-
La volonté de produire du sens
La volonté de produire du sens atteint son but dans la construction du lien social. La relation humaine est la seule chose qui enrichisse véritablement le voyage. Le souci de l’altérité et le partage avec l’autre rendent la navigation désirable et féconde.
La rencontre avec « l’Étoile filante » qui venait du lac de Neuchâtel, en est un bel exemple. Le Zeph a vu « l’Étoile filante » pour la première fois à Αλιμιά – AΛΙΜΙΑ, qui se trouvait dans l’archipel du Dodécanèse.
Voici « l’Étoile filante » dans les eaux de Αλιμιά – AΛΙΜΙΑ :
À la poupe, le vent d’Est faisait battre le pavillon suisse.
La proue, qui était tournée vers le soleil levant, portait l’immatriculation NE 4050, où figuraient les initiales de NEUCHÂTEL.
À l’arrière-plan de la proue de « l’Étoile filante », se profilait la poupe du Zeph, ornée du pavillon tricolore et de l’éolienne, tricolore aussi.

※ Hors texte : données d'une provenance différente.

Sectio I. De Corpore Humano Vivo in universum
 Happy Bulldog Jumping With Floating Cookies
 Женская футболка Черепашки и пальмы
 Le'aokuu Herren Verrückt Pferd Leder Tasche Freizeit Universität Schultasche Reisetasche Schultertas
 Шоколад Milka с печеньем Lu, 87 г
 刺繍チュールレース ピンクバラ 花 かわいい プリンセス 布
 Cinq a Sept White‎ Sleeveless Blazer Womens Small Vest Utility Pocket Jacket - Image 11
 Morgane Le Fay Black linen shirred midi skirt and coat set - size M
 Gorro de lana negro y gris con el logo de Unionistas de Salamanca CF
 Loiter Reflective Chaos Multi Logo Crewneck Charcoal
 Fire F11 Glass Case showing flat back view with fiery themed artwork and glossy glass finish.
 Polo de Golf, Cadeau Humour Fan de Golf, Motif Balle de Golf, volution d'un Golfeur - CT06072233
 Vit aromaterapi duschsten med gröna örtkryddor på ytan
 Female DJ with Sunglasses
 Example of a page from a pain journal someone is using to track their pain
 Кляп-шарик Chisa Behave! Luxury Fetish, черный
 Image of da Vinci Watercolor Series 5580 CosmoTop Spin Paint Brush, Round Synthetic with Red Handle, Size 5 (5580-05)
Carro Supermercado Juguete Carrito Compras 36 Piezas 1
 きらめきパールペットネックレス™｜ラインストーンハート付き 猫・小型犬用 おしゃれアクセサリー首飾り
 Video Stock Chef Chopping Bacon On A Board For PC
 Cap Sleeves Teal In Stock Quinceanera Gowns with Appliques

« L’Étoile filante » s’émouvait de la façon dont le Zeph remerciait un ami commun. Le Zeph disait merci avec beaucoup de couleurs et beaucoup de saveurs aussi :
Le geste de la gratitude faisait appel aux produits venus directement du terroir. La star du plat était la courgette ronde, dont il fallait absolument préserver le côté croquant. Les poivrons servaient à enrichir la palette des coloris et à parfumer la préparation.
La recherche du beau fabrique du sens.
« L’Étoile filante » était sous le charme :
À droite de la photo, c’était la fée du logis sur « l’Étoile filante ». À gauche, c’était son barreur. Et à gauche encore, c’était le basilic du Zeph.
La photo a donc été faite à proximité du magnifique giardinetto du Zeph.
Avant de découvrir la fraîcheur des produits dans l’assiette, « l’Étoile filante » a pris le temps d’admirer la splendeur du basilic, qui lui a, par la suite, inspiré une idée géniale.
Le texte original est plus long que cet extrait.